What to work on
From top to bottom, return the listing exactly as it appears, omitting its images.

Input data

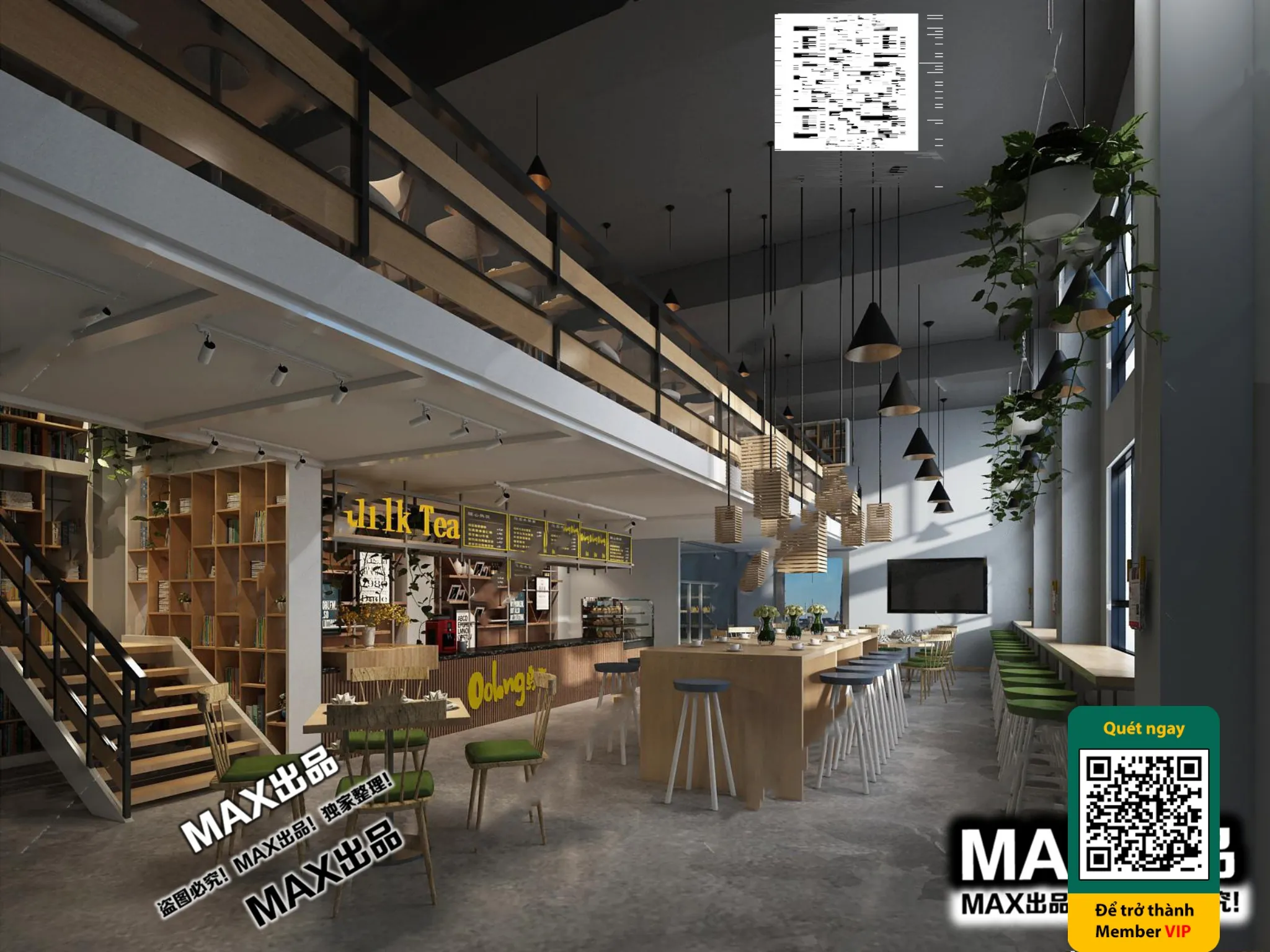 OTHER MODELS - SHOP - VRAY / CORONA - 3D MODEL - 4631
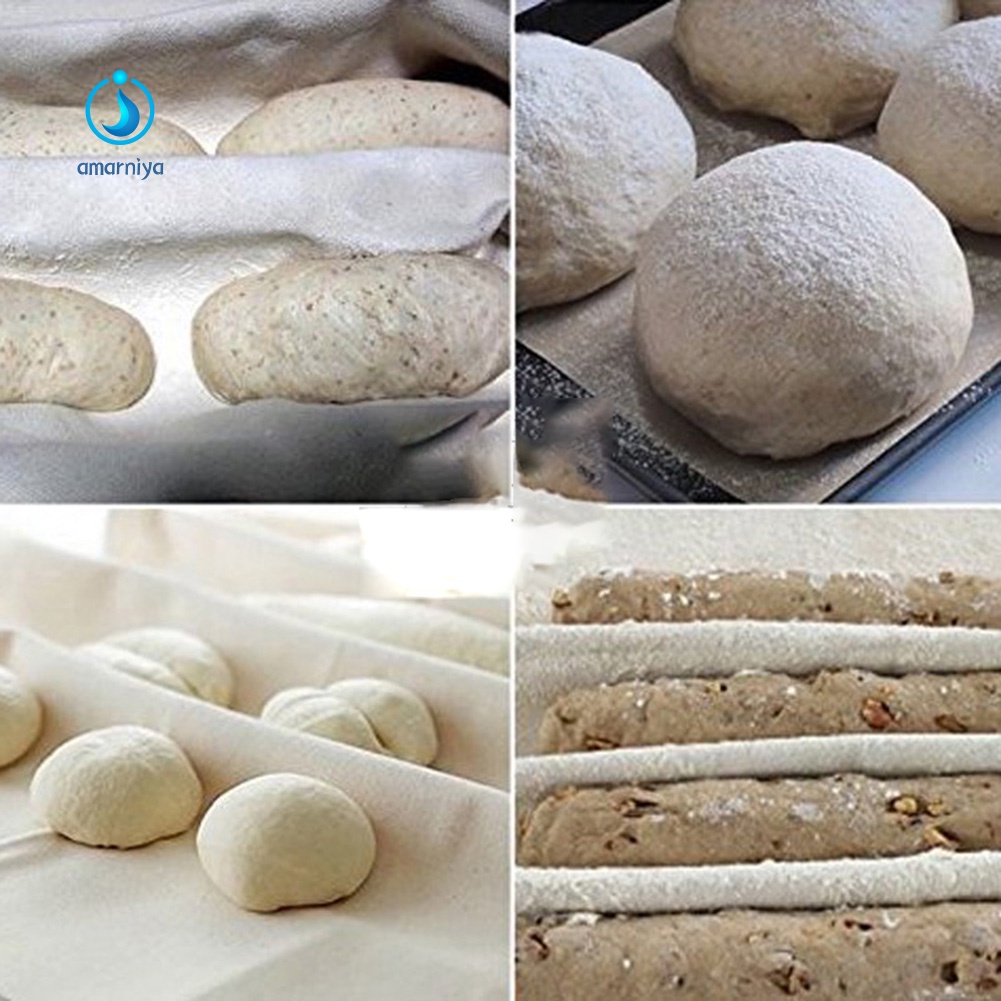 Khăn Ủ Bột Lên Men Làm Bánh Mì Dày Dặn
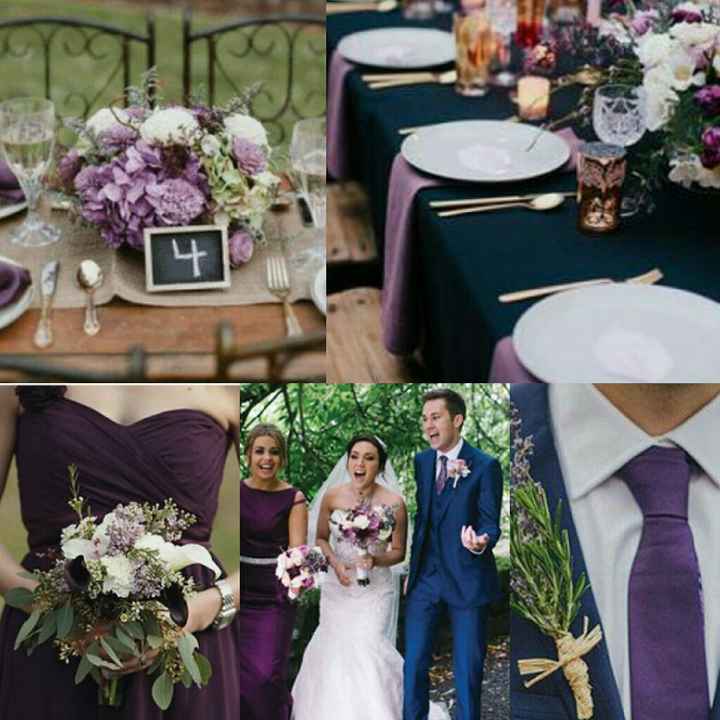 Colores de septiembre para una boda - 1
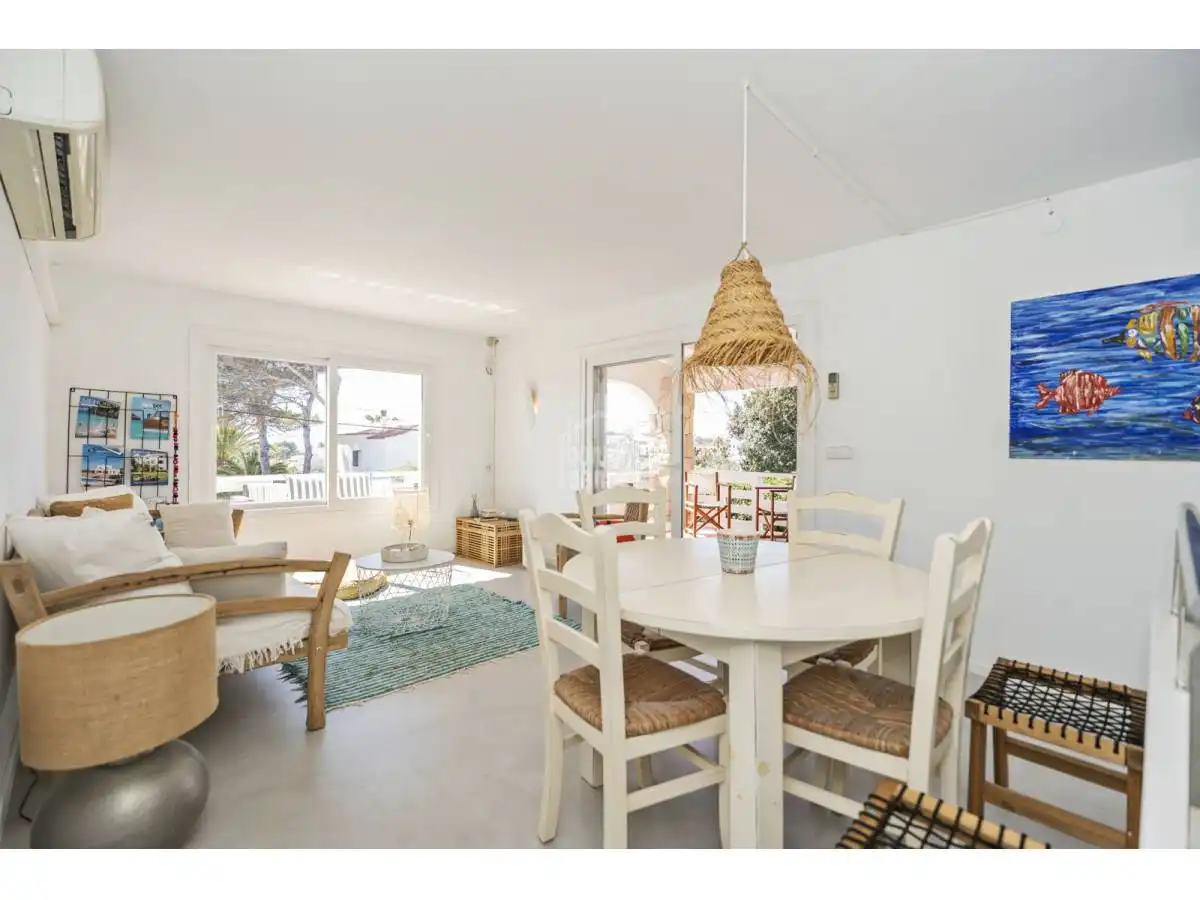 Dining room of Houses for sale in Sant Lluís  with Heating, Private garden and Terrace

Your solution
 OTHER MODELS - SHOP - VRAY / CORONA - 3D MODEL - 4631
 Khăn Ủ Bột Lên Men Làm Bánh Mì Dày Dặn
 Colores de septiembre para una boda - 1
 Dining room of Houses for sale in Sant Lluís  with Heating, Private garden and Terrace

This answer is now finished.